Assigned task: Below are the records; return exactly the lines from the one with "Palace of Engineering, 1938" through the final line, both included, minus any pictures.

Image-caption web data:
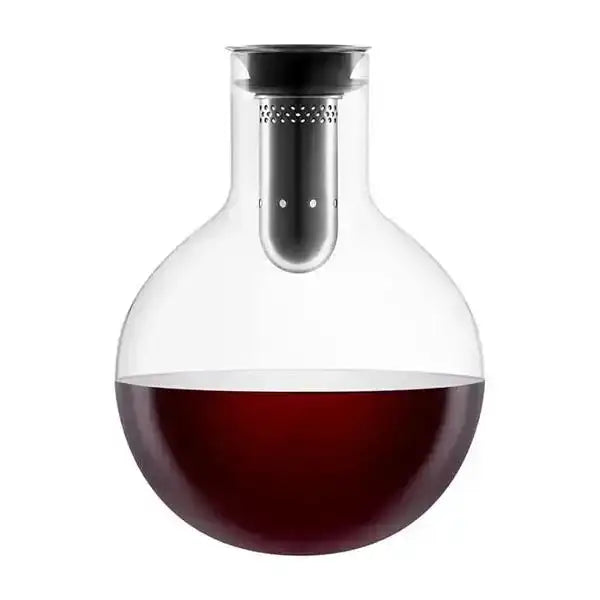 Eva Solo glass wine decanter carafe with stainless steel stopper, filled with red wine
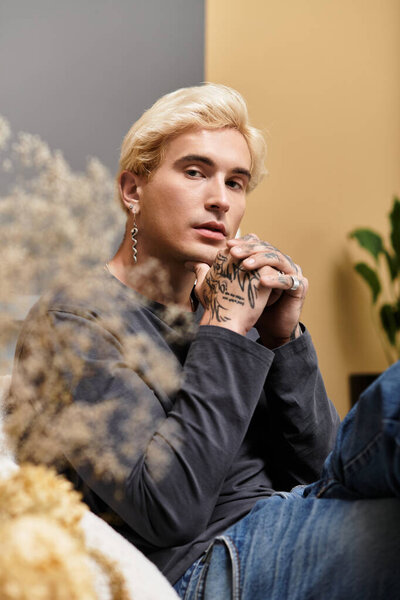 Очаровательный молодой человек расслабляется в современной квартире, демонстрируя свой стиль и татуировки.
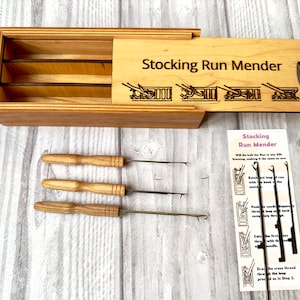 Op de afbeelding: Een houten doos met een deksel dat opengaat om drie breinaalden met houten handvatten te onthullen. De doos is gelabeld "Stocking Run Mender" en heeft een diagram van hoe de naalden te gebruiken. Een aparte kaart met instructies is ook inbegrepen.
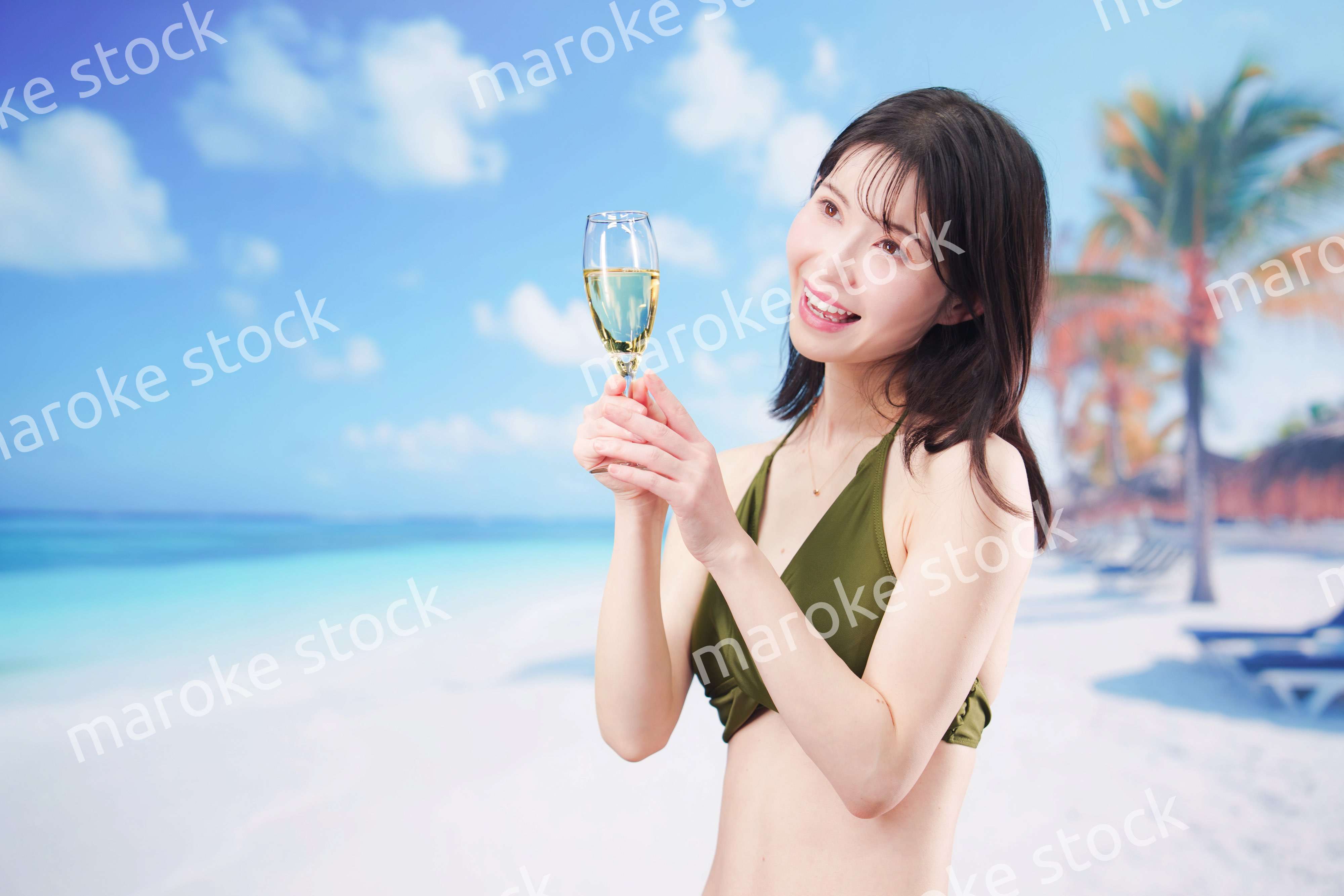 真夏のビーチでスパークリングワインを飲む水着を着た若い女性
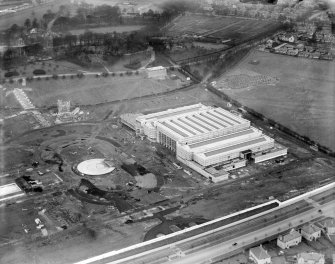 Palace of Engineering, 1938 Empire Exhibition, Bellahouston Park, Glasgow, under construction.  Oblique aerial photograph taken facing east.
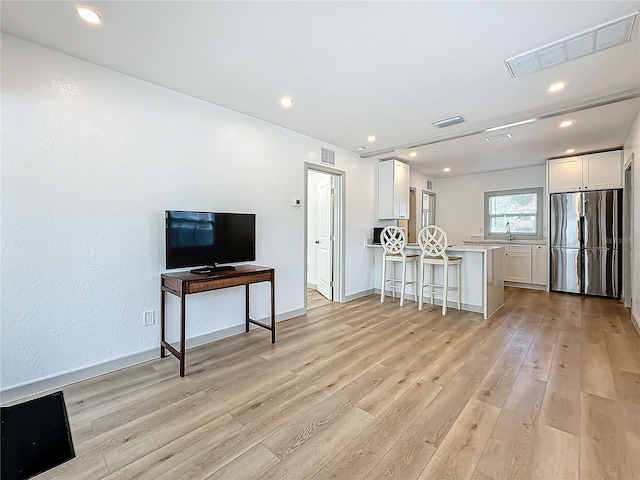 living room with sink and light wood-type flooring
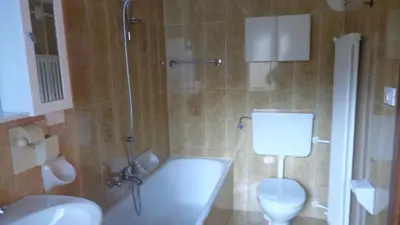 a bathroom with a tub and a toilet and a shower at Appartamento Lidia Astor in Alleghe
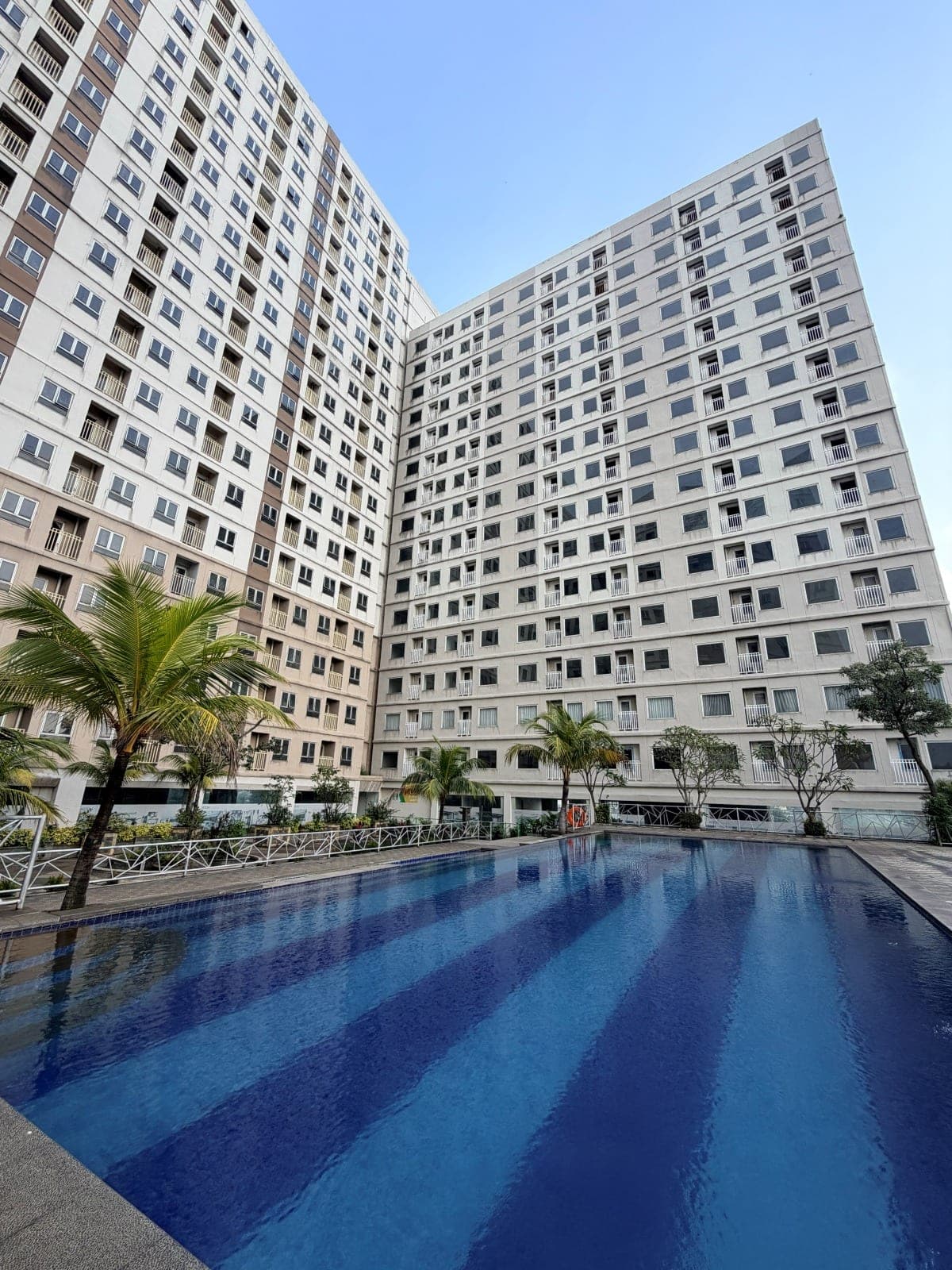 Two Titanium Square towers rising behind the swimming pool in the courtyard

Your response:
 Palace of Engineering, 1938 Empire Exhibition, Bellahouston Park, Glasgow, under construction.  Oblique aerial photograph taken facing east.
 living room with sink and light wood-type flooring
 a bathroom with a tub and a toilet and a shower at Appartamento Lidia Astor in Alleghe
 Two Titanium Square towers rising behind the swimming pool in the courtyard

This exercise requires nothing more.